Surprisingly, while we were correct in assuming that the replication overhead wouldn't be worth it for low latency values, even when we went to the max allowed latency by QEMU (254), while the code employing node replication slowed down slower proportional to it's speed at high latency, it barely outperformed the non-replication in the best of cases, and aside from that it tended to still be worse.

Graph of the calculation speed in relation to server node latency - good case

Graph of the calculation speed in relation to server node latency - worse case

Conclusion

The result of our testing indicates that node replication provides a insufficient optimization for systems with high latency nodes.

Future

While the cases that we tested indicate that the overhead of having to transmit data several times over high latency nodes outweighs the benefits of being able to read locally, both benchmark functions we implemented, including the one we didn't store data for, were for comparatively write heavy operations. For something more read-heavy—like allowing nodes to simply access a database to do local operations—this architecture may be more useful.

Contribution Split

Shubhangi

References

[1] A. Baumann et al., “The multikernel: a new OS architecture for scalable multicore systems,” in Proceedings of the ACM SIGOPS 22nd symposium on Operating systems principles, Big Sky Montana USA: ACM, Oct. 2009, pp. 29–44. doi: 10.1145/1629575.1629579.

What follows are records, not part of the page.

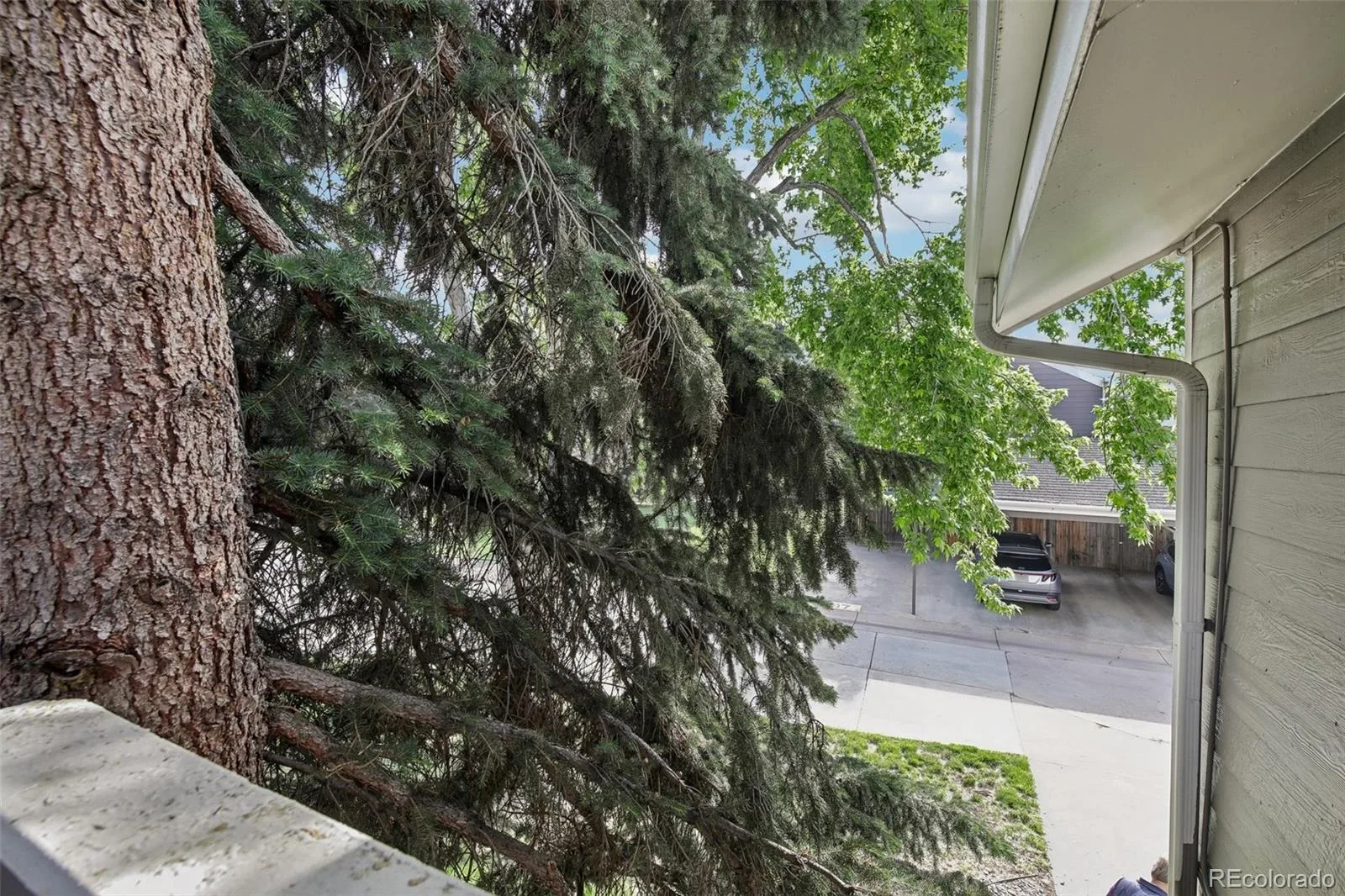 6560 W 84th Circle #127 Arvada CO 80003 | MLS #REC6822821 07142026180420 1600 20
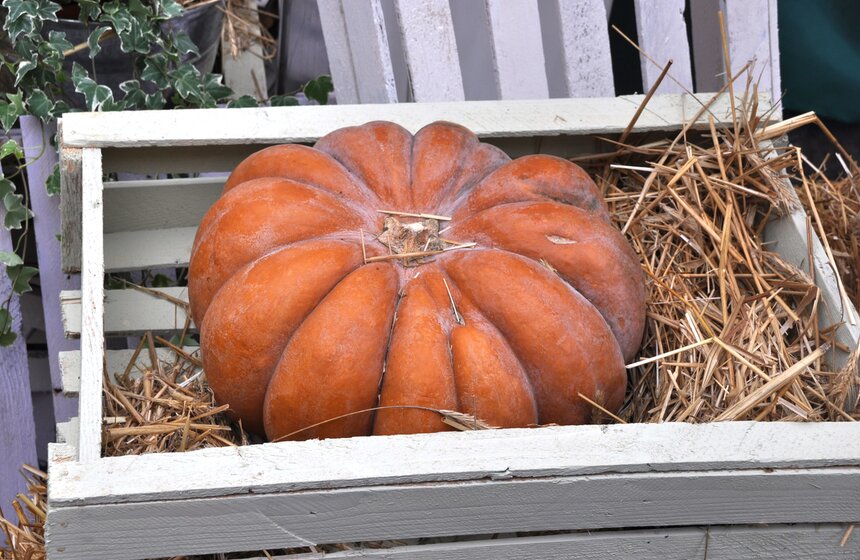 На Дорогомиловском рынке проходит фестиваль MOSCOW CITY BAZAR 10 фото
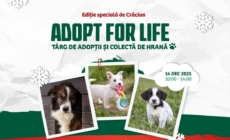Târg de adopții și colectă de hrană în Baia Mare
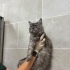 Barınağa terk edildi acil yuva arıyor fotoğraf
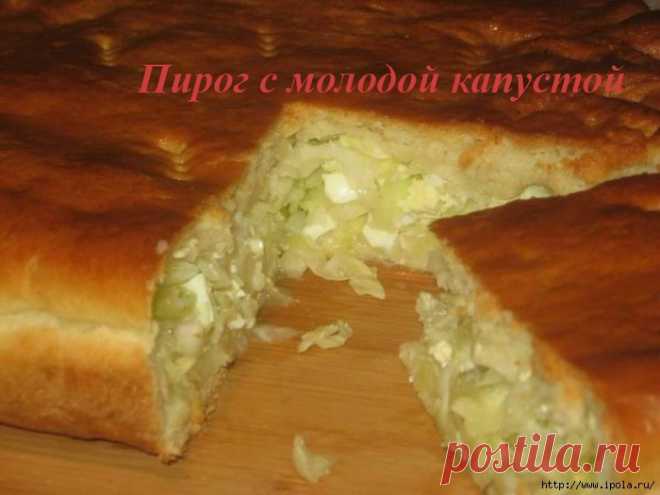 Пирог с молодой капустой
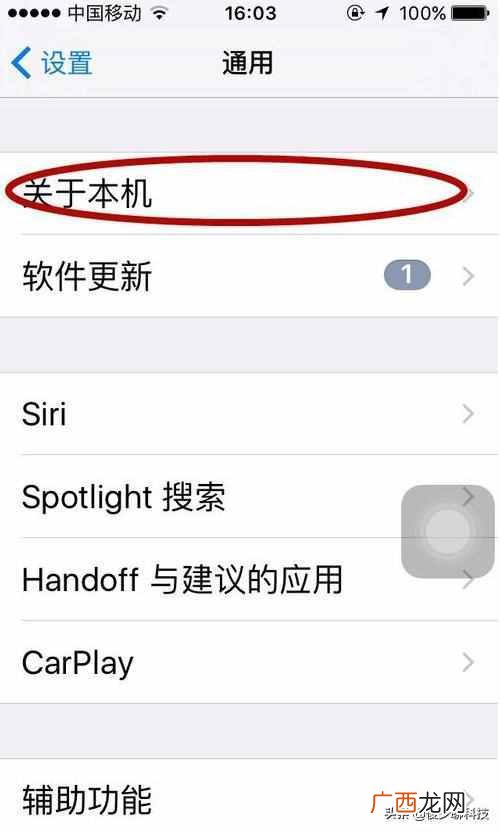 怎么查苹果手机激活时间（苹果手机激活日期查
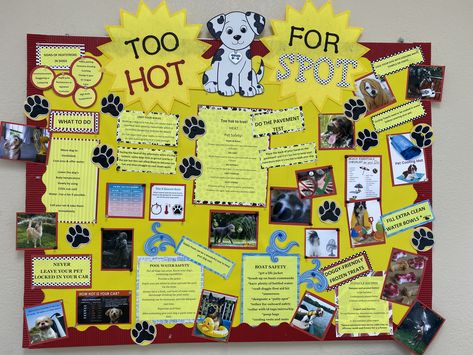 Animal Shelter Organization Ideas, Veterinary Bulletin Board Ideas, Vet Clinic Bulletin Board Ideas, Veterinary Clinic Ideas, Veterinary Decor, Information Bulletin Boards, Office Bulletin Board Ideas, Dogs Crafts, Vets Office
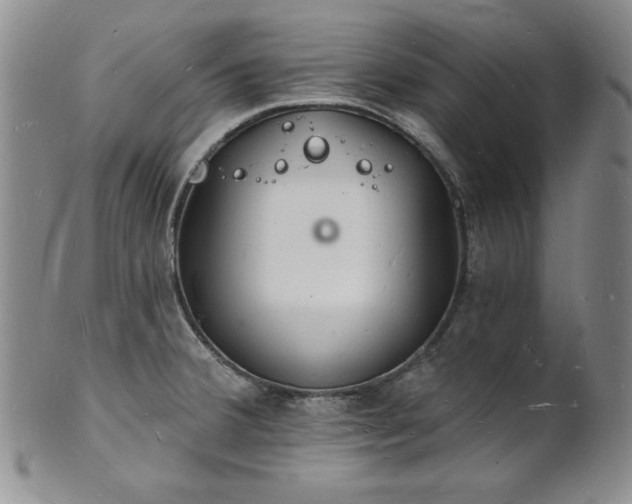 X0000101691380200807171425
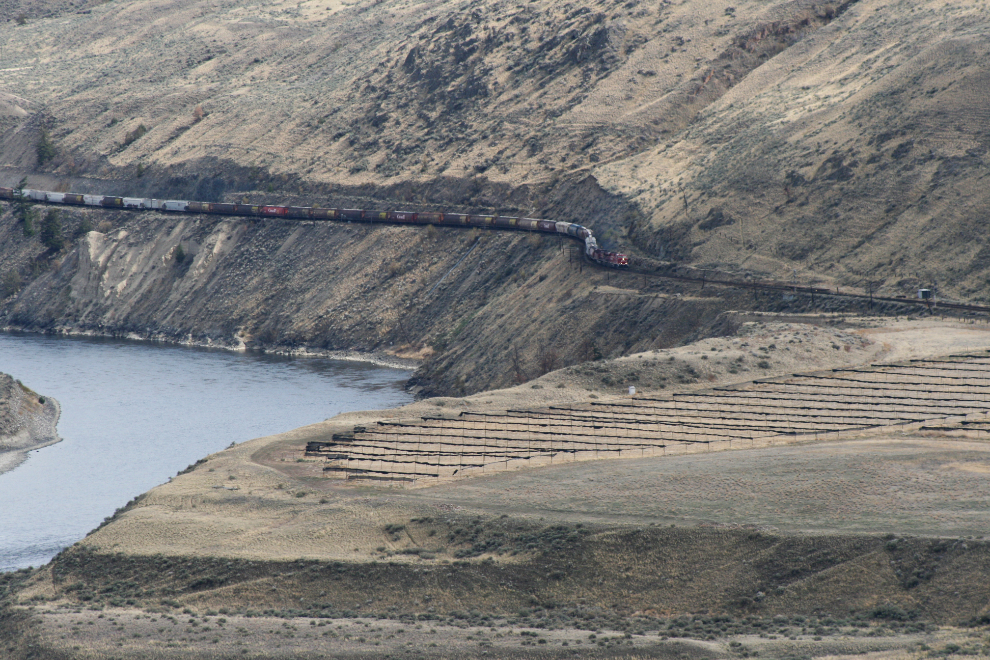 Canadian Pacific Railway train nears a field of ginseng along the Thompson River near Walachin, BC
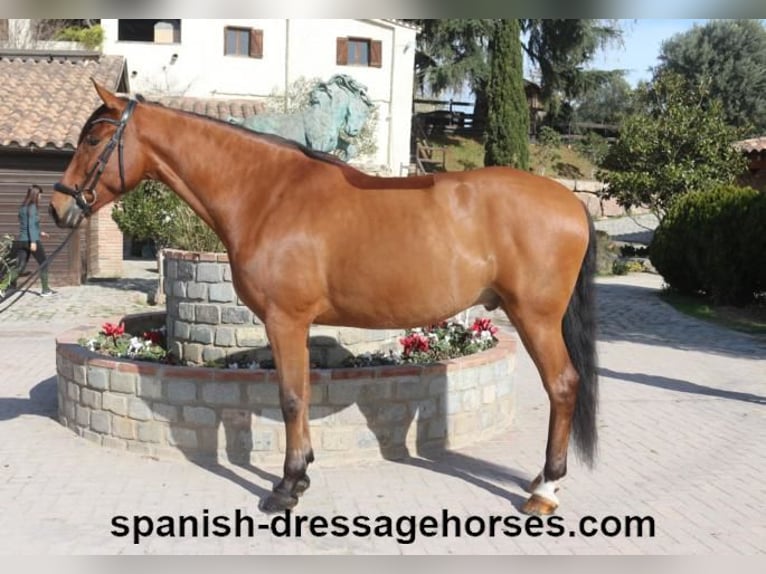 PRE Mix Gelding 6 years 16,1 hh Brown in Barcelona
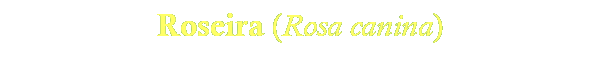 Roseira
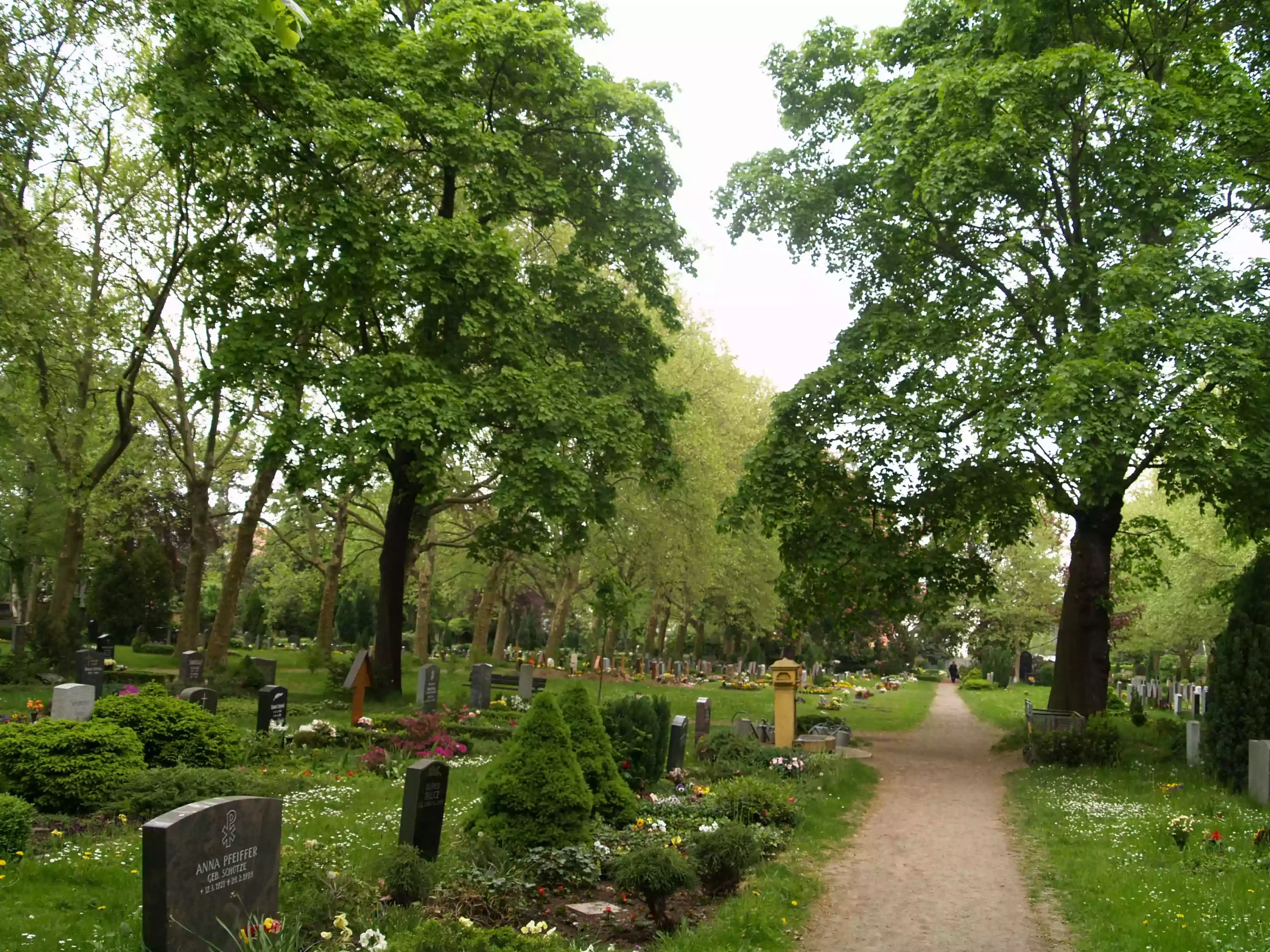 Gräber auf dem Friedhof Gohlis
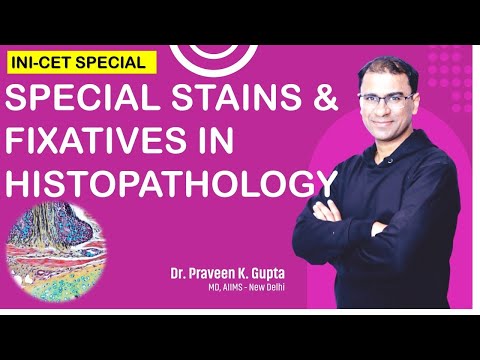 SPECIAL STAINS & FIXATIVES IN HISTOPATHOLOGY for PGMEE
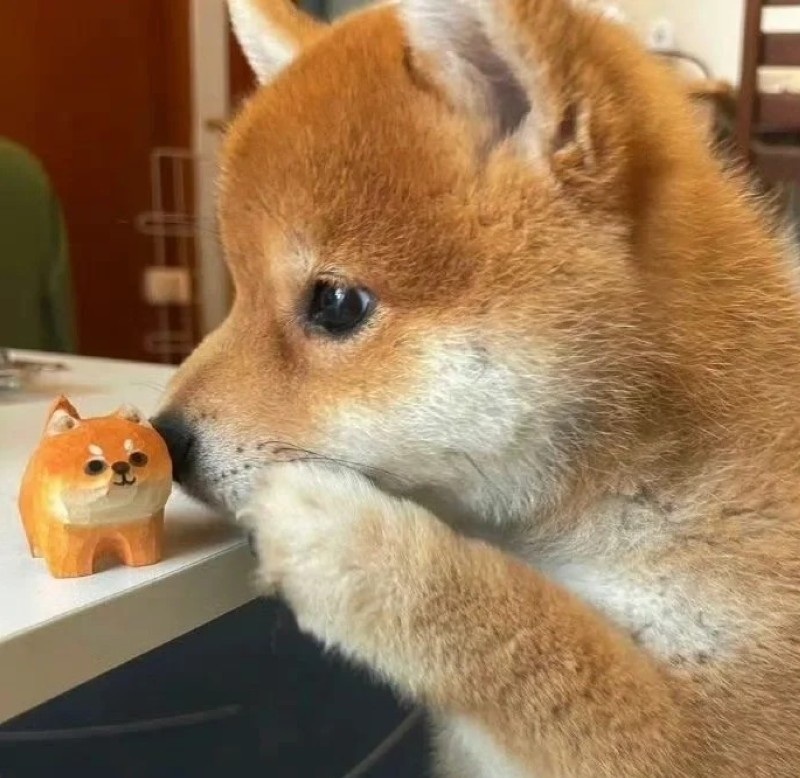 meme chó shiba 25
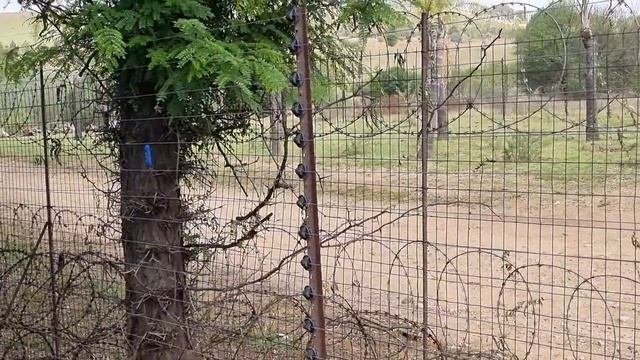 Построил загон для коз. Козы теперь не на вольном выпасе ?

[2] USENIX Association, Ed., “NrOS: Effective Replication and Sharing in an Operating System,” in Proceedings of the 15th USENIX Symposium on Operating Systems Design and Implementation (OSDI ’21): July 14-16, 2021, Berkeley, CA: USENIX Association, 2021.

[3] A. Panda, A. Panwar, and A. Basu, “nuKSM: NUMA-aware Memory De-duplication on Multi-socket Servers,” in 2021 30th International Conference on Parallel Architectures and Compilation Techniques (PACT), Atlanta, GA, USA: IEEE, Sep. 2021, pp. 258–273. doi: 10.1109/PACT52795.2021.00026.

[4] A. Murat, C. Burgelin, A. Xygkis, I. Zablotchi, M. K. Aguilera, and R. Guerraoui, “SWARM: Replicating Shared Disaggregated-Memory Data in No Time,” in Proceedings of the ACM SIGOPS 30th Symposium on Operating Systems Principles, Austin TX USA: ACM, Nov. 2024, pp. 24–45. doi: 10.1145/3694715.3695945.